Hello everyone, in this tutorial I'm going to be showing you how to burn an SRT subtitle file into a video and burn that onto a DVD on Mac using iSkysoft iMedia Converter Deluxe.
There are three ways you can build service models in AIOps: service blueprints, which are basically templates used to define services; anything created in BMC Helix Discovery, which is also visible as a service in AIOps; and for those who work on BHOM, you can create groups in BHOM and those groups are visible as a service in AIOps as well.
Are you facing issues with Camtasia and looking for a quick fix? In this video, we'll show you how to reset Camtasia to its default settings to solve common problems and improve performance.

===============

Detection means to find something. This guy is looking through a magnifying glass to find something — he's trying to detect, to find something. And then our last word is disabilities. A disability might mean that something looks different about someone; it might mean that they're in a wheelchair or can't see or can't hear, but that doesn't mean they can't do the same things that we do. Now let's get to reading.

===============

_Brief:_
Starting at the line with "Hello everyone, in" and ending at the line with "Are you facing", print each line of the listing above exactly, with no other lines.

_Final answer:_
Hello everyone, in this tutorial I'm going to be showing you how to burn an SRT subtitle file into a video and burn that onto a DVD on Mac using iSkysoft iMedia Converter Deluxe.
There are three ways you can build service models in AIOps: service blueprints, which are basically templates used to define services; anything created in BMC Helix Discovery, which is also visible as a service in AIOps; and for those who work on BHOM, you can create groups in BHOM and those groups are visible as a service in AIOps as well.
Are you facing issues with Camtasia and looking for a quick fix? In this video, we'll show you how to reset Camtasia to its default settings to solve common problems and improve performance.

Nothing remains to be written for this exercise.